France | France, Cour de cassation, Chambre sociale, 07 mai 2014, 12-29421


LA COUR DE CASSATION, CHAMBRE SOCIALE, a rendu l'arrêt suivant :
Sur le moyen unique :
Attendu, selon l'arrêt attaqué (Orléans, 11 octobre 2012), que M. X..., engagé le 2 janvier 1990 en qualité de journaliste professionnel par la société La Nouvelle République du Centre-Ouest, a, après avoir occupé la fonction de directeur départemental du Loir-et-Cher, à Blois, puis, à compter du 1er janvier 2008, celle de directeur départemental de la Vienne, à Poitiers, été licencié pour motif économique le 27 novembre 2009 dans le cadre d'un licenciement collectif ;
Attendu

que la société La Nouvelle République du Centre-Ouest fait grief à l'arrêt ...

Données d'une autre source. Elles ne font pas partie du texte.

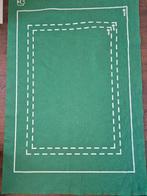 Jumbo Puzzelmat, Ophalen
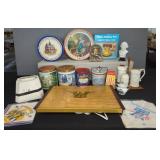 American Bicentennial Collectibles Assortment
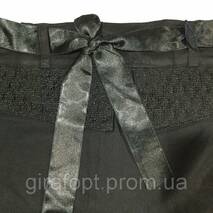 Spódnica szkolna czarna dla dziewczynki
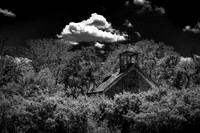 School's Out BW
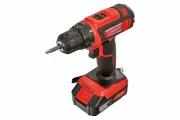 ДА-13/18Л3 Аккумуляторная дрель-шуруповёрт Li-Ion (2 аккум.2.0Ач) FELISATTI, шт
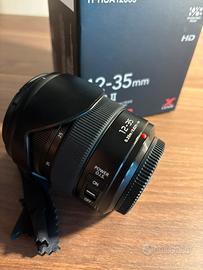 Panasonic Lumix G X VARIO II 12-35mm F2,8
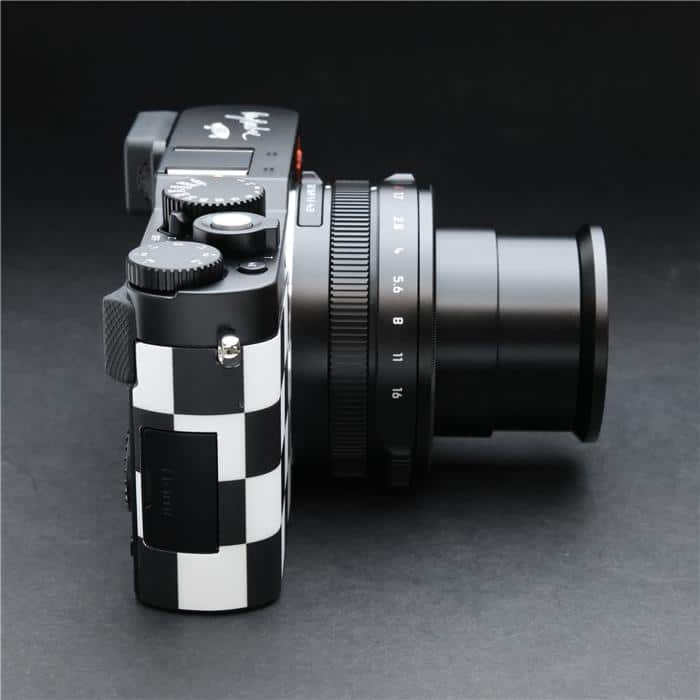 D-LUX7 Vans x Ray Barbee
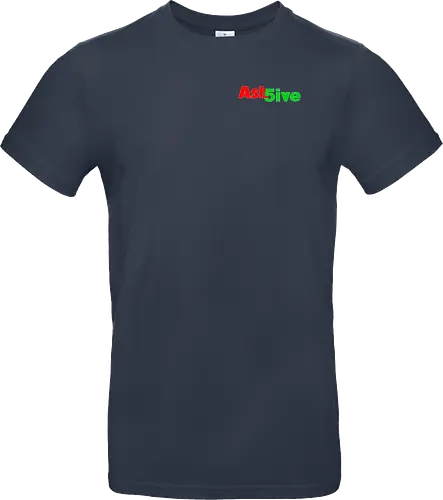 Ash5ive - Logo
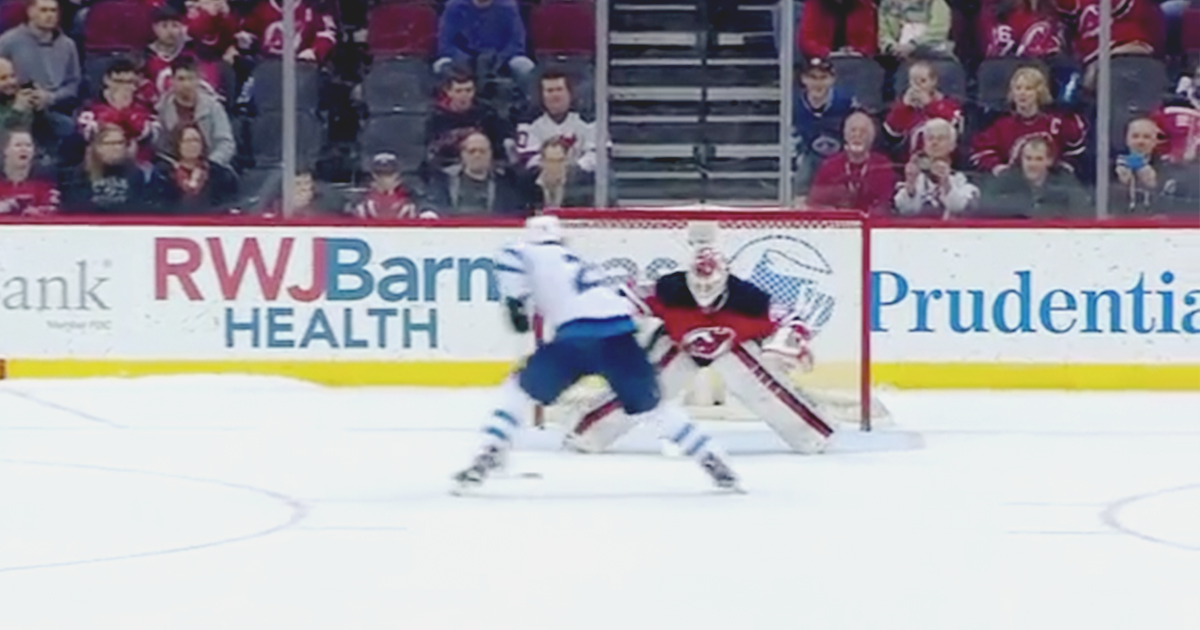 MUST SEE: Laine's crafty shootout goal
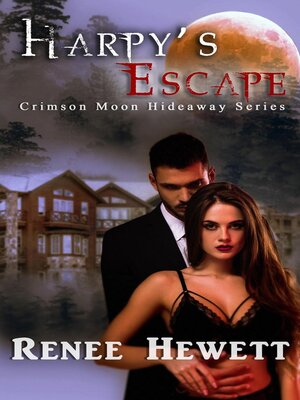 cover image of Harpy's Escape
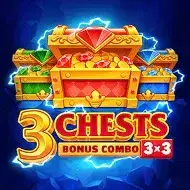 3 Chests: Bonus Combo — 20Bet भारत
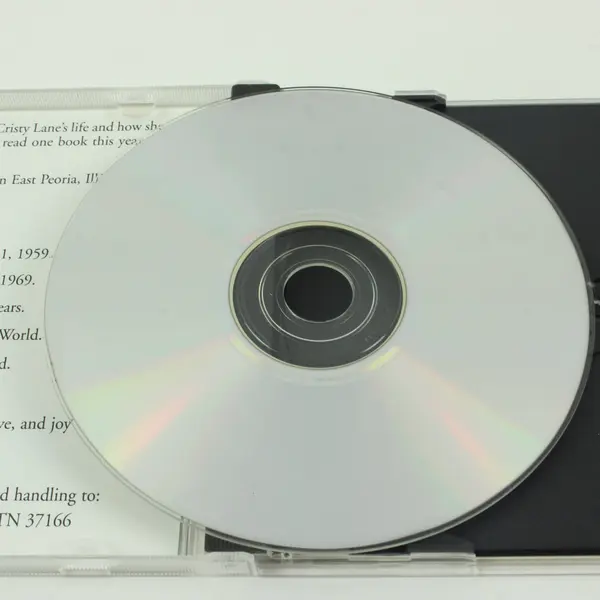 Cristy Lane Footprints Vol I & II CD I Have a Dream Gospel Christian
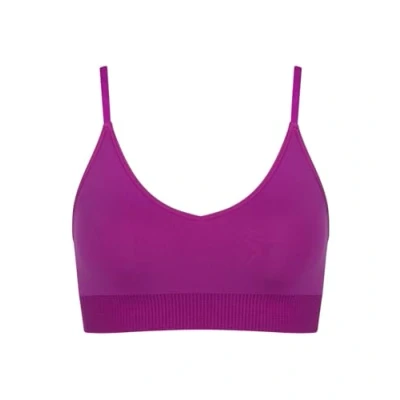Abbildung von sloggi Damen Ever Infused Multi VIT Bralette, Violet, XL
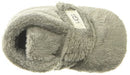 UGG baby girls Bixbee Ankle Boot, Charcoal, 2-3 Infant US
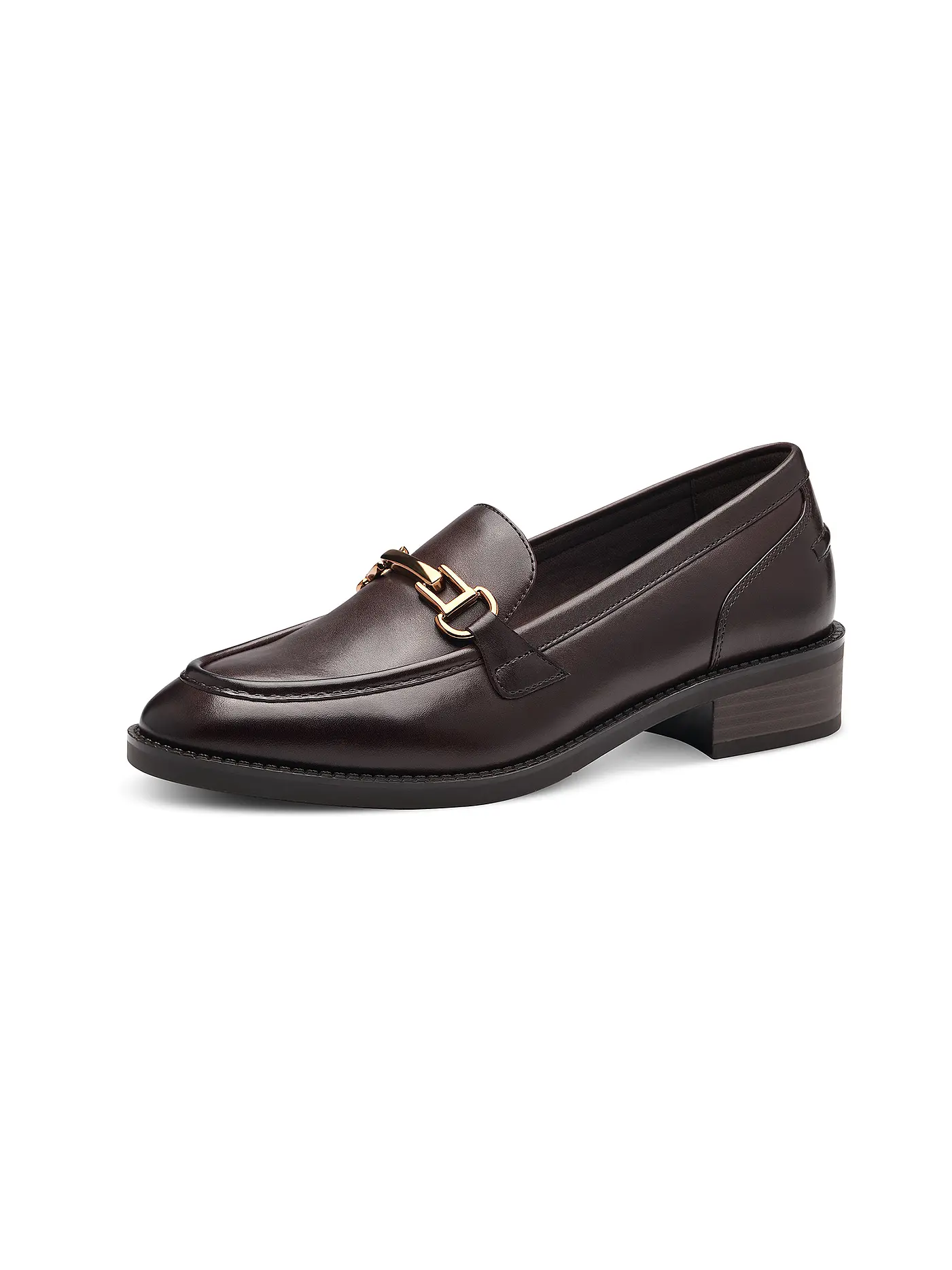 TAMARIS | Loafer | braun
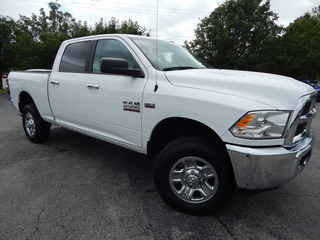 2018 Ram 2500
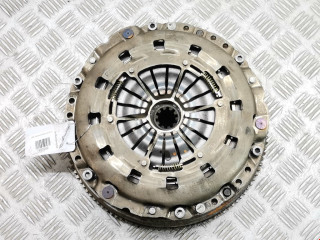 маховик BMW 3 серия E46 2003, 2.0 л., МКПП, хетчбэк 3 дв., 21207512693
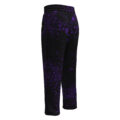 Midnight Collection Faded Circle Unisex Wide-leg Joggers [Exclusive] - Image 3
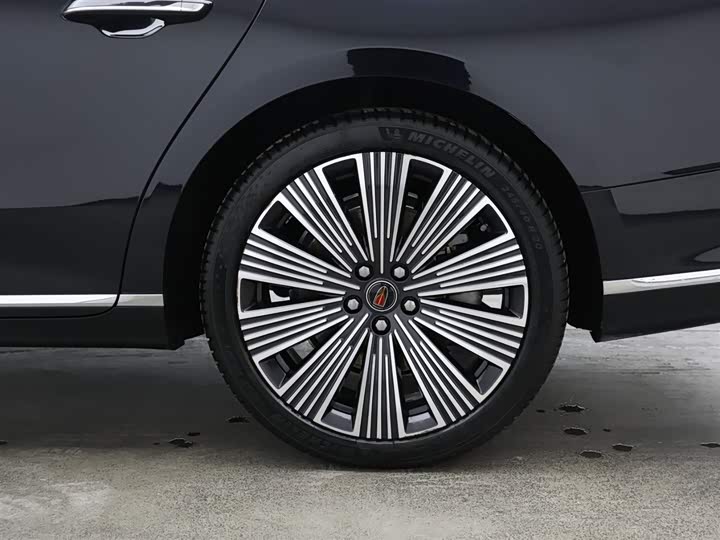 Фото 9 - Hongqi H9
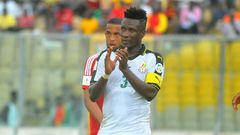 Asamoah Gyan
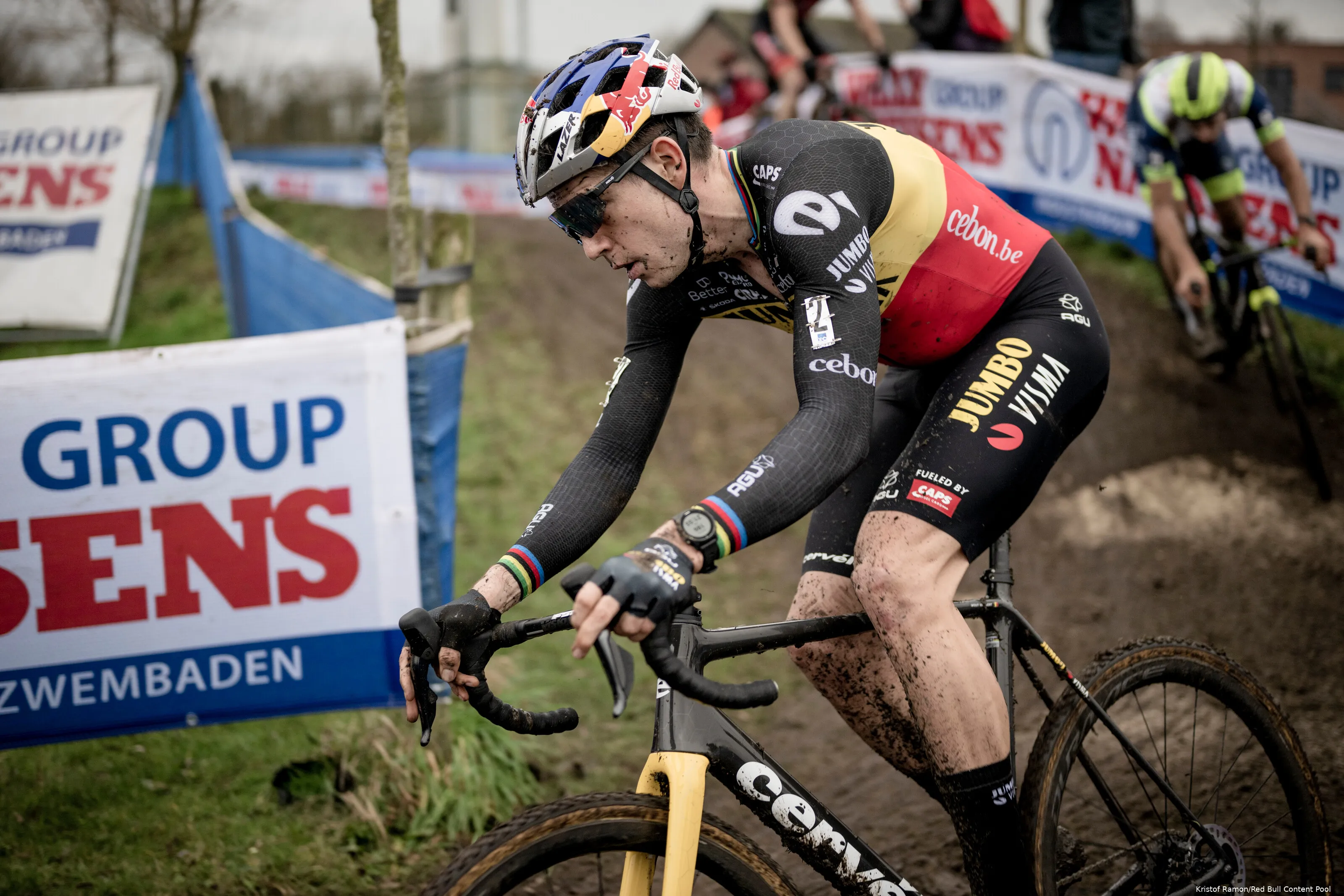 Wout van Aert Hulst 1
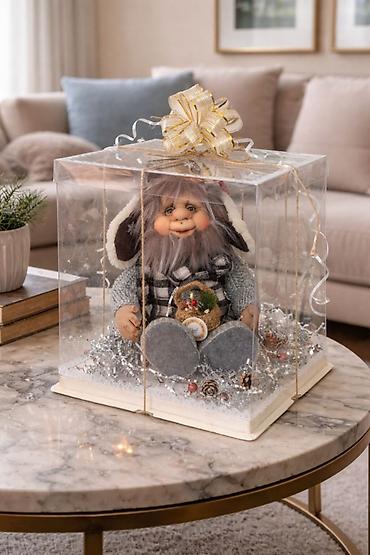 Другие товары для дома: Дедушка — сувенирная интерьерная игрушка, создающая в доме атмосферу — 3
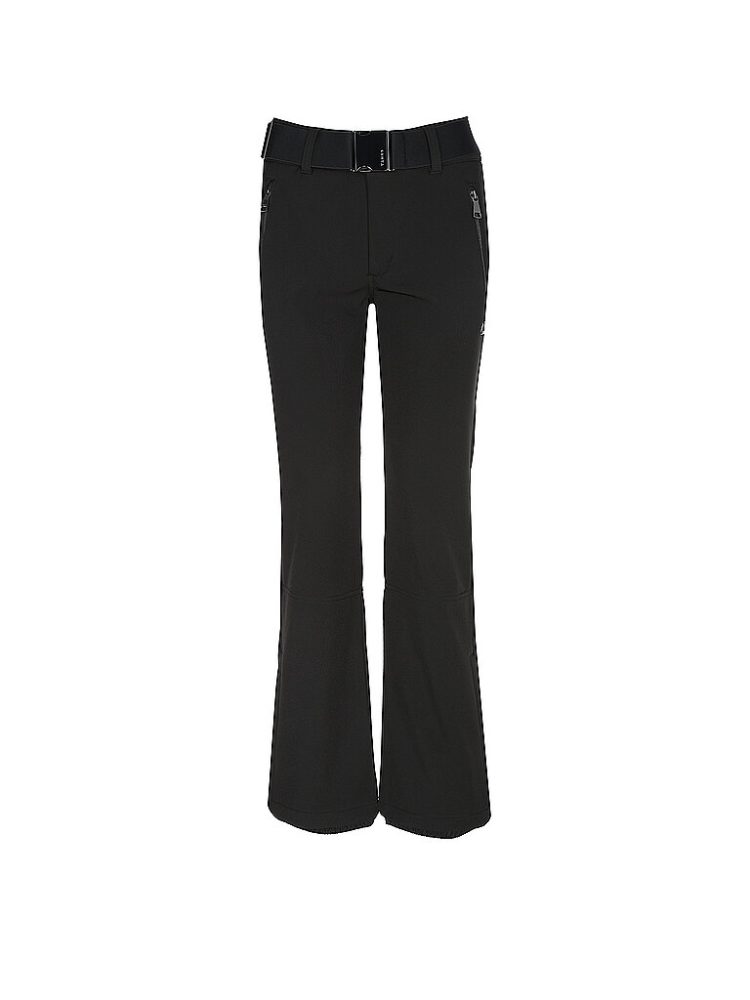 LUHTA Damen Skihose Joentaus C  schwarz | 38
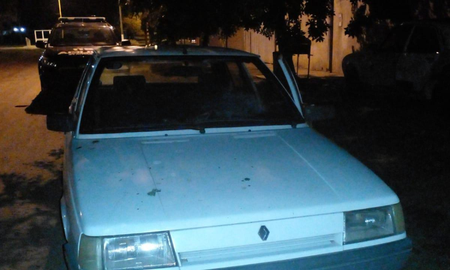 Recuperaron el auto que le robaron a un jubilado en barrio Sargento Cabral. Recuperaron el auto que le robaron a un jubilado en barrio Sargento Cabral.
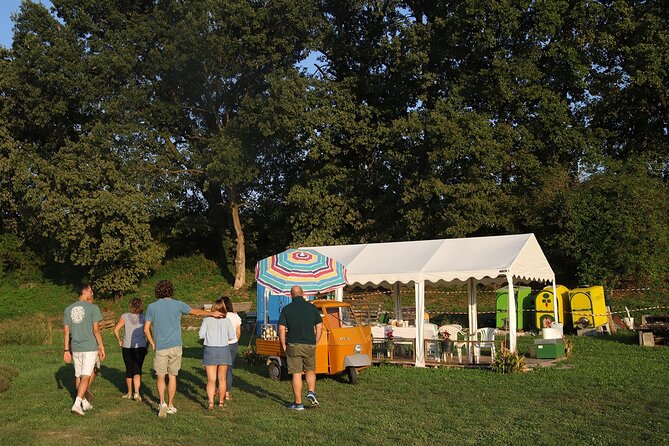 Beekeeping Farm Tour and Tasting Experience in Lazise - Language, group size, and the pace of the visit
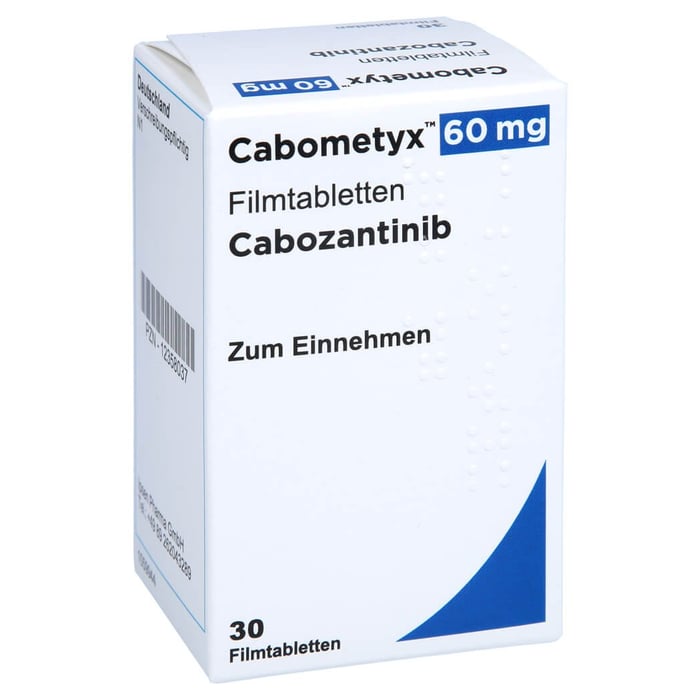 Cabometyx 60mg
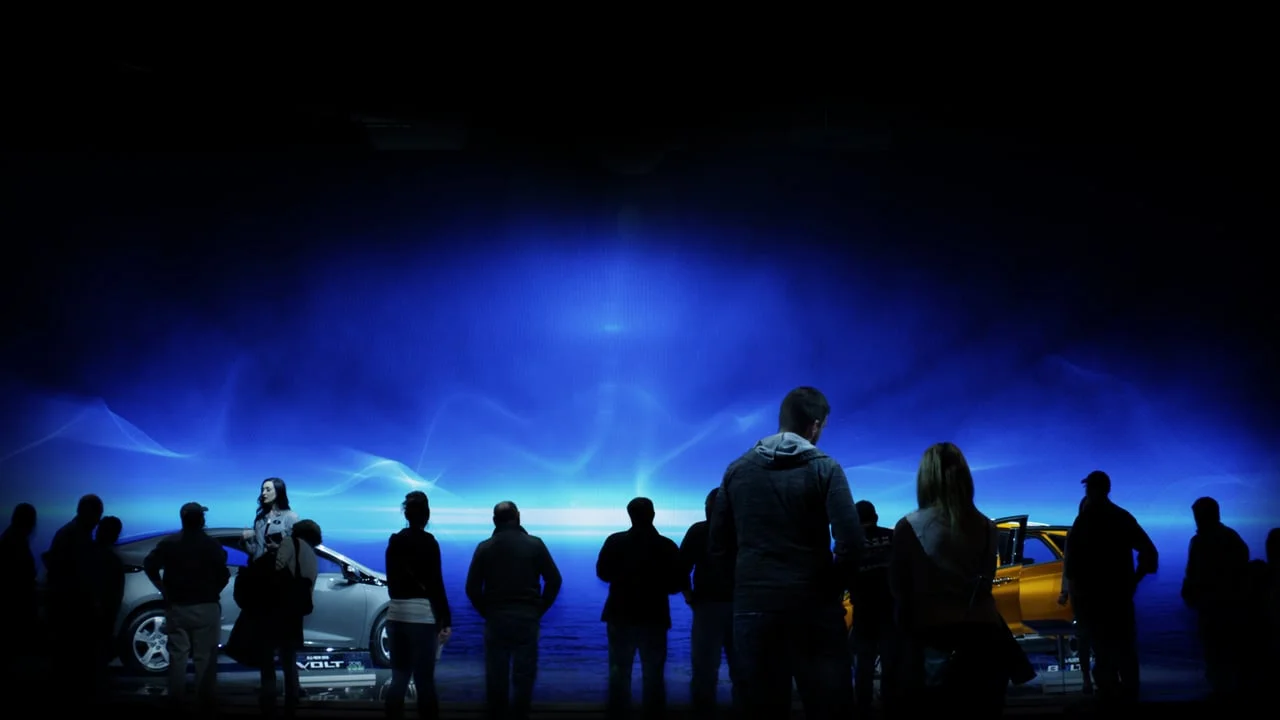 Chevrolet Auto Show Experience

LA COUR DE CASSATION, CHAMBRE SOCIALE, a rendu l'arrêt suivant :
Sur le moyen unique :
Attendu, selon l'arrêt attaqué (Orléans, 11 octobre 2012), que M. X..., engagé le 2 janvier 1990 en qualité de journaliste professionnel par la société La Nouvelle République du Centre-Ouest, a, après avoir occupé la fonction de directeur départemental du Loir-et-Cher, à Blois, puis, à compter du 1er janvier 2008, celle de directeur départemental de la Vienne, à Poitiers, été licencié pour motif économique le 27 novembre 2009 dans le cadre d'un licenciement collectif ;
Attendu que la société La Nouvelle République du Centre-Ouest fait grief à l'arrêt de la condamner à payer au salarié une somme à titre de dommages-intérêts pour non respect des critères d'ordre des licenciements, alors, selon le moyen, que l'employeur n'a pas à appliquer l'ordre des licenciements lorsque le salarié licencié est le seul de sa catégorie professionnelle ; que la catégorie professionnelle qui sert de base à l'établissement de l'ordre des licenciements regroupe l'ensemble des salariés qui exercent dans l'entreprise des fonctions de même nature supposant une formation professionnelle commune et qui sont interchangeables ; qu'en l'espèce, l'employeur soulignait que le salarié avait lui-même reconnu dans ses conclusions de première instance que son poste de directeur de département de la Vienne était unique en termes d'intérêt et de responsabilités, ce dont il résultait qu'il n'y avait pas de permutabilité avec les autres directeurs départementaux ; que la cour d'appel a elle-même constaté qu'il n'était pas sérieusement contesté que Poitiers était la seule capitale régionale de sa zone de diffusion, que son édition de la Vienne avait le plus fort tirage et que le directeur de ce département avait une prime de responsabilité supérieure ; que dès lors, en se bornant ensuite, pour juger que le salarié n'était pas seul dans sa catégorie professionnelle et que celle-ci comprenait les sept directeurs départementaux, à affirmer péremptoirement et par des motifs d'ordre général, que tous les postes de directeur départemental étaient de même nature, peu important le tirage de chaque édition départemental et en corollaire le nombre de salariés subordonnés, et que tel directeur départemental avait les capacités professionnelles lui permettant de remplacer l'un de ses collègues d'un autre département, sans justifier en fait en quoi la différence de niveau de responsabilités existant entre le poste de directeur départemental de la Vienne et les autres postes de directeur départemental ne faisait pas obstacle à l'interchangeabilité des salariés en cause, la cour d'appel a privé sa décision de base légale au regard de l'article L. 1233-5 du code du travail ;
Mais attendu qu'ayant constaté, dans l'exercice de son pouvoir souverain d'appréciation des éléments de fait et de preuve qui lui étaient soumis, que tous les postes de directeur départemental étaient équivalents, car de même nature, et que le niveau pertinent d'application des critères définis pour la mise en oeuvre de l'ordre des licenciements était celui des sept directeurs départementaux, en sorte que le salarié n'était pas le seul de sa catégorie professionnelle, la cour d'appel a légalement justifié sa décision ;
PAR CES MOTIFS :
REJETTE le pourvoi ;
Condamne la société La Nouvelle République du Centre-Ouest aux dépens ;
Vu l'article 700 du code de procédure civile, rejette la demande de la société La Nouvelle République du Centre-Ouest et condamne celle-ci à payer à M. X... la somme de 3 000 euros ;
Ainsi fait et jugé par la Cour de cassation, chambre sociale, et prononcé par le président en son audience publique du sept mai deux mille quatorze.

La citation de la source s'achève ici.